MEC407 wrote:I'm not being snarky when I ask these questions; I'd sincerely like to know why. Clearly it IS possible to run a 10 MPH railroad and keep at least a handful of your customers — Guilford/PAR is proof of that — but if that really is the best business model, how come more New England railroads haven't done the same thing?
They are good questions. Well, you do see examples of slow railroad like the P&W Willamantic branch (recently upgraded with taxpayer money) and the VRS' Bennington branch. CSX runs a similar amount of freight on their eastern MA branchline network at 10 mph as does PAR north of Portland.
The biggest contrast to Pan Am, SLR, probably provides the best comparison because it, as you said, runs faster and without the kind of taxpayer assistance other roads have/do receive. GRS's genesis was much different than SLR and at a very different earlier time and with a different goal for its buyers and with SLR benefiting from the deep-pocketed CN's motivation to spin off the GT; GRS/PAR (PAS)'s infrastructure lifecycle interval is quicker given the higher levels of traffic, so things manifest more quickly; GRS' starting point was no doubt below that of SLR in terms of infrastructure condition; and, lastly, GRS etc. has been a much more complicated situation given its roots, history and environment.

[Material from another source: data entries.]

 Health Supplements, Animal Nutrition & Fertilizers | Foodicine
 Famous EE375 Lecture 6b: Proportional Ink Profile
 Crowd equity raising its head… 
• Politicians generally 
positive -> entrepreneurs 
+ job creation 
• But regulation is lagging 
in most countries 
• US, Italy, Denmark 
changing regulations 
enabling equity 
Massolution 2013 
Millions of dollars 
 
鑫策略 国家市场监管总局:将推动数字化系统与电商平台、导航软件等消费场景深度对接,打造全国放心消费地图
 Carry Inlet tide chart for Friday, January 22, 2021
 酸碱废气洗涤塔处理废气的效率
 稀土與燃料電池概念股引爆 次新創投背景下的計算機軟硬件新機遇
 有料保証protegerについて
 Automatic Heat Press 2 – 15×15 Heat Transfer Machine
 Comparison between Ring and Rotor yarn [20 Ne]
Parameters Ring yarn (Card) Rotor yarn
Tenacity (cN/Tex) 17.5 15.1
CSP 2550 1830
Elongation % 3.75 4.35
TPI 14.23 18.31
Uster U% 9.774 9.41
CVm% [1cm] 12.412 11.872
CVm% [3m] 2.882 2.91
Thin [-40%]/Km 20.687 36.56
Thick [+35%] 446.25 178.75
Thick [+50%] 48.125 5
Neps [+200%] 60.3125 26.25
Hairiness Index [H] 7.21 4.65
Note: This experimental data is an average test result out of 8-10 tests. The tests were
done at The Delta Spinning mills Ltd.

In terms of a business model, that's something that leadership has to decide given their goals, opportunities (including outside public or deep-pocketed-vested-interests funding), and specific situation. For PAR it's a carload system so speed isn't the importance, reliability is. So, if you markedly sped the system up would it really make a difference commercially? --- not to the point where you can justify private investments. Similarly, perhaps you can save something on crew costs and locomotive utilization but are the returns high enough that someone would want to put lots of their money there instead of somewhere else? Unlikely. And, that I think is the rub of all this: it is the basic economic situation of railroading in New England that's the "dog" determining private railroad infrastructure investment to the "tail" of a property's management's latitude in making choices, unless there's taxpayer or outside funding. So, some years from now as SLR's rail wears out, unless there's dramatic change in their economics or outside funding, you may be watching their trains, too, rolling along at a slower pace (and, hey, maybe Pan Am, down to its most-effective core, relieved of the full burden of much of the ex-B&M and having been injected with NS cash, running a little faster....).